I. General provisions
§ 1.
General Meeting is the Company's supreme governing body.
§ 2.
1. Responsibility for preparing, convening and organizing the General Meeting rests with the Management Board. This responsibility involves all duties of the Management Board arising from law regulations, as well as all other organizational activities necessary to convene and to ensure that the General Meeting proceeds successfully.
2. General Meeting convened at the instance of shareholders should be held on a date indicated in the request, however if there are serious obstacles which make it impossible to hold the General Meeting on the requested date, the Meeting should be held on the nearest possible date so that all issues on the agenda may be considered by the General Meeting.
4. General Meeting, the agenda of which includes specific issues submitted by eligible entities, or was convened at their request, may be cancelled only upon the consent of the requesting parties. In all other instances, a General Meeting may be cancelled if its holding is hindered (Force Majeure), or is obviously groundless. A Meeting is called off in the same way as it is convened, limiting negative consequences for the company and its shareholders to the largest possible extent.
4. A change in the date of a General Meeting shall be made in the same way as a cancellation, even if the proposed agenda does not change.
§ 3.
General Meeting is convened through an announcement made on the Internet, and in a manner established for presenting current information in line with regulations related to public offer and conditions of introducing financial instruments to an organized trading system, and on public companies. The announcement should be made at least 26 days before the date of the Meeting.
§ 4.
General Meetings shall be held at the Company's seat in Katowice, Kraków or Warszawa. The venue selected should make it possible for the biggest possible number of shareholders to participated in the General Meeting.
§ 5.
1. The following shall have the voting right and shall be entitled to participate in the General Meeting:
a) shareholders holding registered shares, provided that they were disclosed in the shares ledger at least 16 days before the date of the General Meeting,
b) shareholders holding bearer shares, provided that they hold the shares 16 days before the date of the General Meeting (registration date), and informed the entity managing the securities account of their participation in the General Meeting, not earlier than following the announcement on convening the General Meeting, and not later than on the first working day following the registration day.
c) proxies for shareholders entitled to vote at the General Meeting, provided that a prior written letter of attorney has been submitted, or sent by e-mail to biuro@stalprofil.com.pl Shareholder should notify the Company on powers of attorney granted by e-mail – pdf version should be sent to biuro@stalprofil.com.pl. The notification should include entries identifying both the person granting the power of attorney and that of the proxy.
2. General Meeting should be attended by Supervisory Board and Management Board members in a composition making it possible to provide relevant response to questions asked during the General Meeting.

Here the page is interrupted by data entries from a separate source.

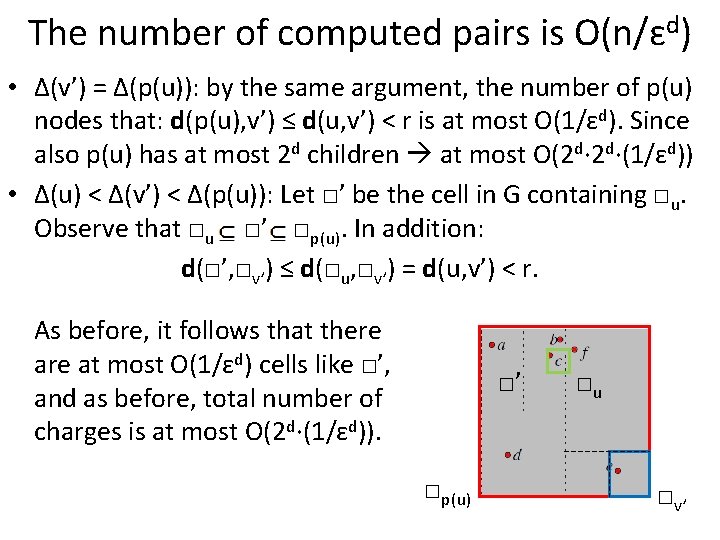 The number of computed pairs is O(n/ɛd) • Δ(v’) = Δ(p(u)): by the same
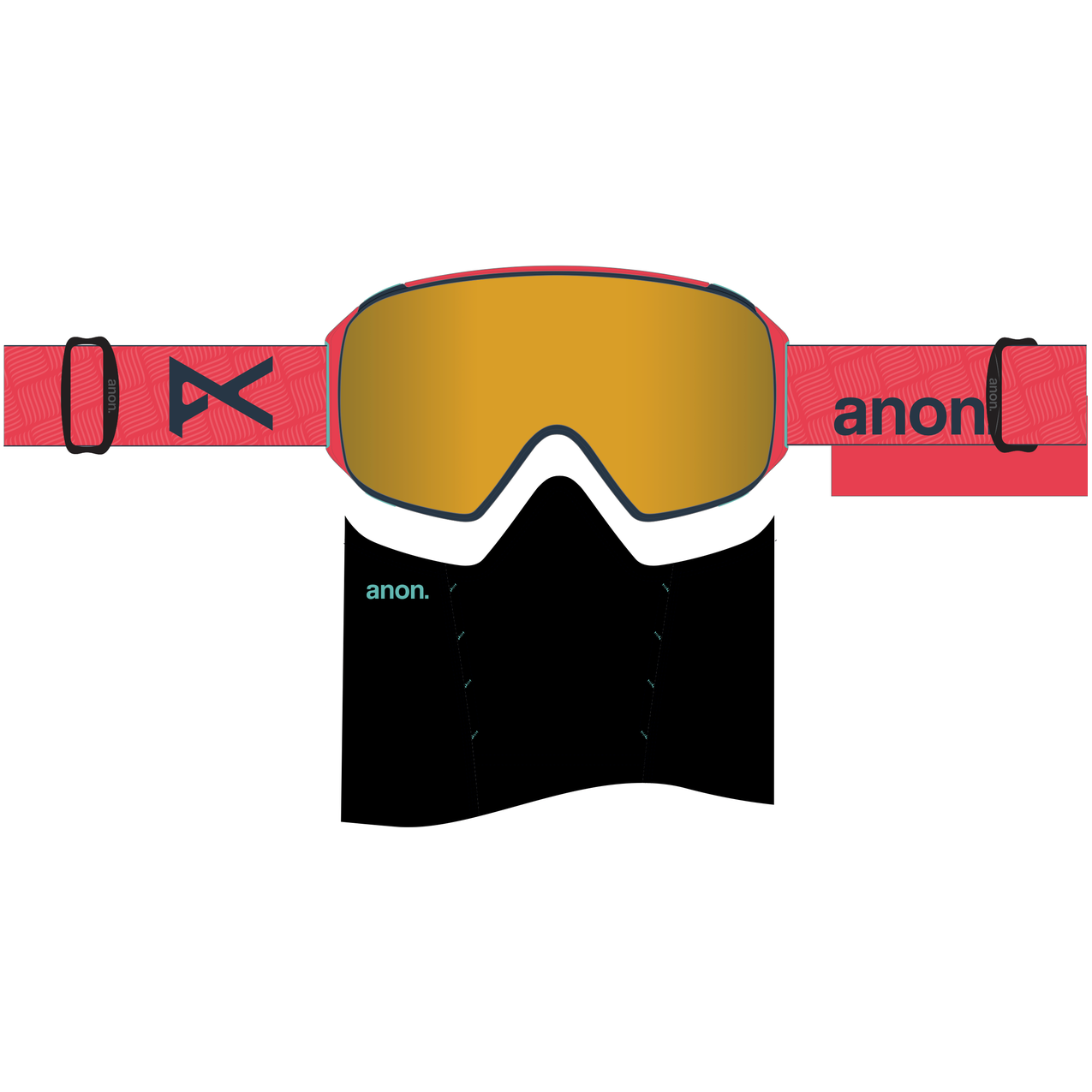 Anon - Ourland Outdoor
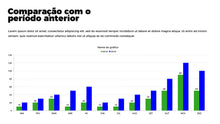 Load image into Gallery viewer, Apresentação Dashboard de Indicadores em Powerpoint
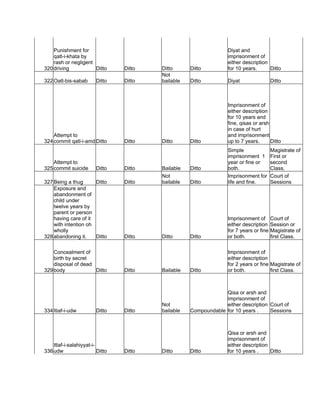 320
Punishment for
qatl-i-khata by
rash or negligent
driving Ditto Ditto Ditto Ditto
Diyat and
imprisonment of
either description
for 10 years. Ditto
322Oatl-bis-sabab Ditto Ditto
Not
bailable Ditto Diyat Ditto
324
Attempt to
commit qatl-i-amdDitto Ditto Ditto Ditto
Imprisonment of
either description
for 10 years and
fine, qisas or arsh
in case of hurt
and imprisonment
up to 7 years. Ditto
325
Attempt to
commit suicide Ditto Ditto Bailable Ditto
Simple
imprisonment 1
year or fine or
both.
Magistrate of
First or
second
Class.
327Being a thug Ditto Ditto
Not
bailable Ditto
Imprisonment for
life and fine.
Court of
Sessions
328
Exposure and
abandonment of
child under
twelve years by
parent or person
having care of it
with intention oh
wholly
abandoning it. Ditto Ditto Ditto Ditto
Imprisonment of
either description
for 7 years or fine
or both.
Court of
Session or
Magistrate of
first Class.
329
Concealment of
birth by secret
disposal of dead
body Ditto Ditto Bailable Ditto
Imprisonment of
either description
for 2 years or fine
or both.
Magistrate of
first Class.
334Itiaf-i-udw Ditto Ditto
Not
bailable Compoundable
Qisa or arsh and
imprisonment of
either description
for 10 years .
Court of
Sessions
336
Itlaf-i-salahiyyat-i-
udw Ditto Ditto Ditto Ditto
Qisa or arsh and
imprisonment of
either description
for 10 years . Ditto
 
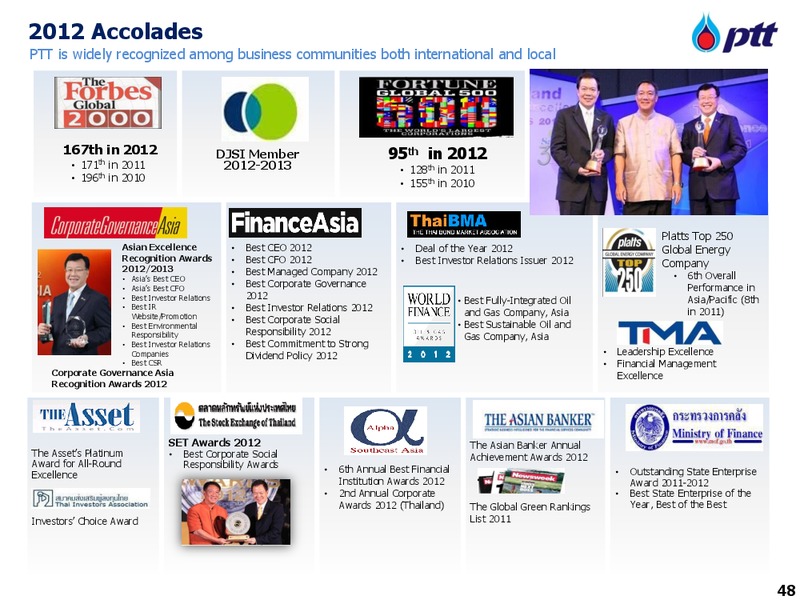 Asian 2013 Investment Conference – PTT Public Company Limited – slide 48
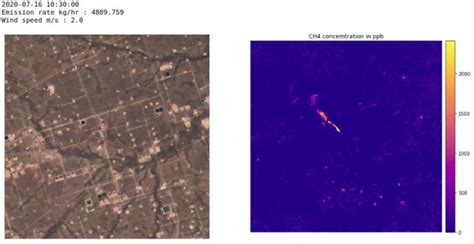 Scientists Have Used Satellite Data From The Copernicus Sentinel 2
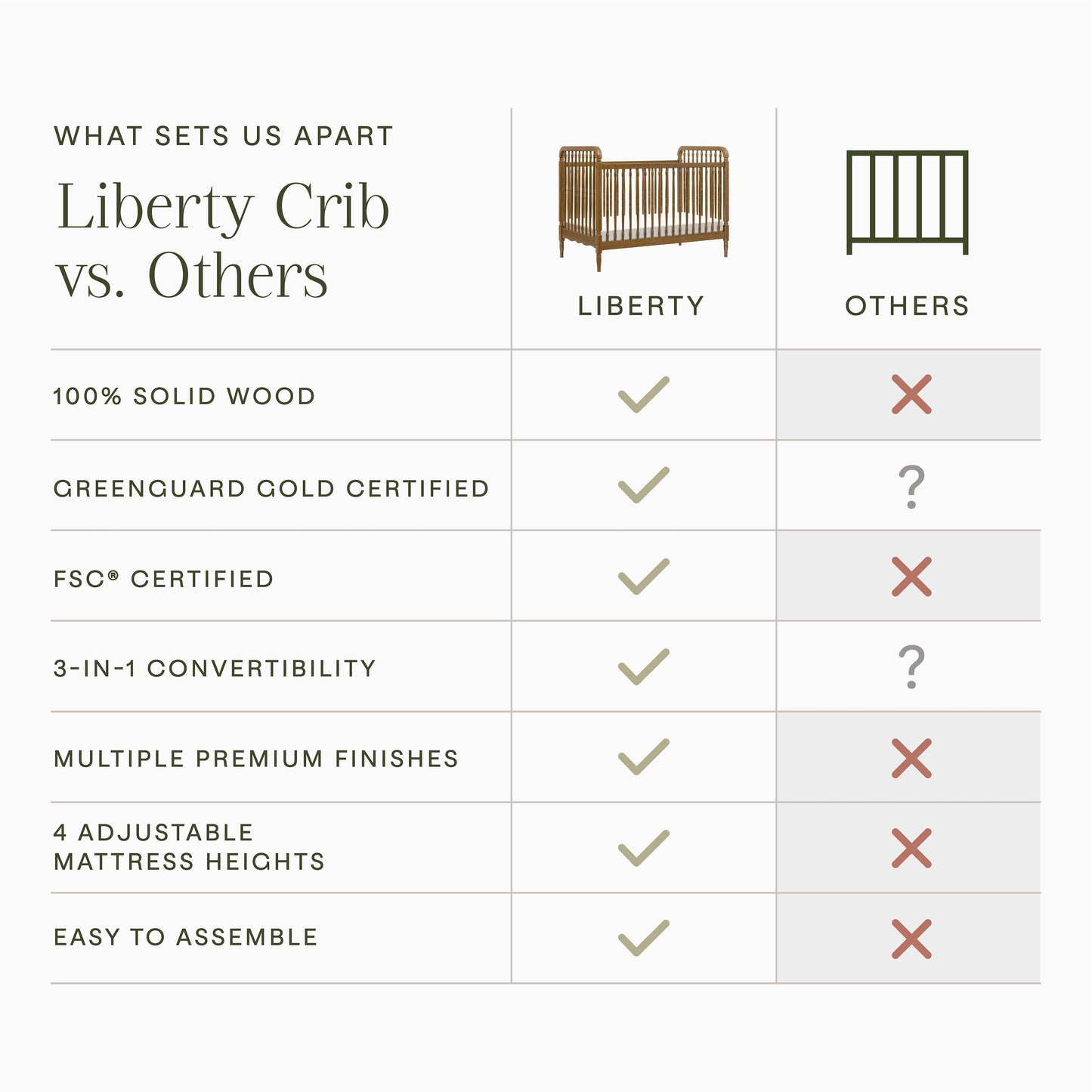 Liberty 3-in-1 Convertible Spindle Crib w/Toddler Bed Conversion Kit in Dusty Rose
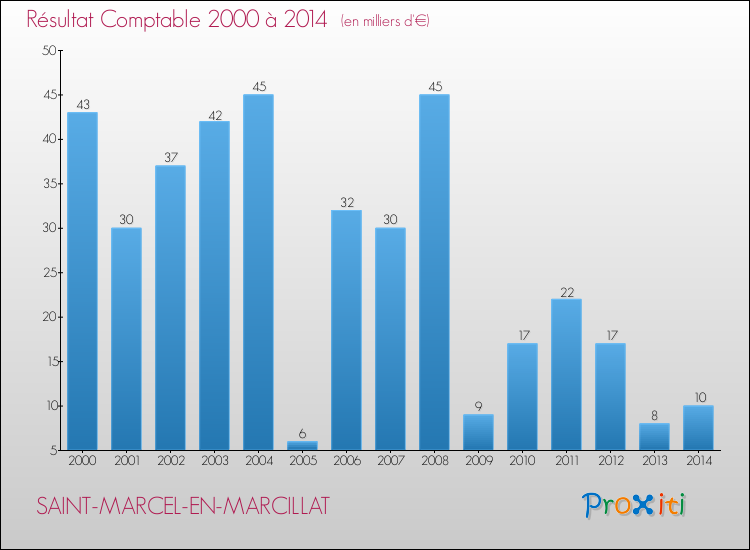 Evolution du résultat comptable pour la commune de SAINT-MARCEL-EN-MARCILLAT de 2000 à 2014 Evolution du résultat comptable pour SAINT-MARCEL-EN-MARCILLAT de 2000 à 2014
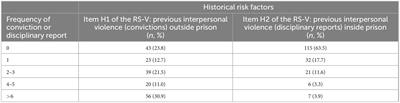 The Risk Screener Violence (RS-V): retrospective prediction of violent and aggressive incidents within the prison setting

3. The following persons invited by the body convening the General Meeting may also participate in the Meeting:
a) advisors,
b) chartered auditors and specialists,
c) other guests.
II. Powers of the General Meeting
§ 6.
1. Decisions of the General Meeting on substantial issues are made by way of resolutions passed by voting.
2. General Meeting may pass resolutions on all issues concerning the Company irrespective of the number of shares represented.
III. Opening the General Meeting
§ 7.
1.Shareholders intending to participate in the General Meeting shall confirm their presence with their signature placed on the attendance list provided at the entrance to the meeting hall, and collect ballots. Proxies sign their name and surname next to the principal's name with a note that they act as proxies.
2. Attendance list is prepared on the basis of a list of shareholders entitled to participate in the General Meeting, signed by the Management Board, which contains information on shareholder entitled to participate in the General Meeting i.e. shareholders’ names and surnames, place of residence, and number and type of shares held and the number of votes.
3. Attendance list is drawn up by persons appointed by the Management Board.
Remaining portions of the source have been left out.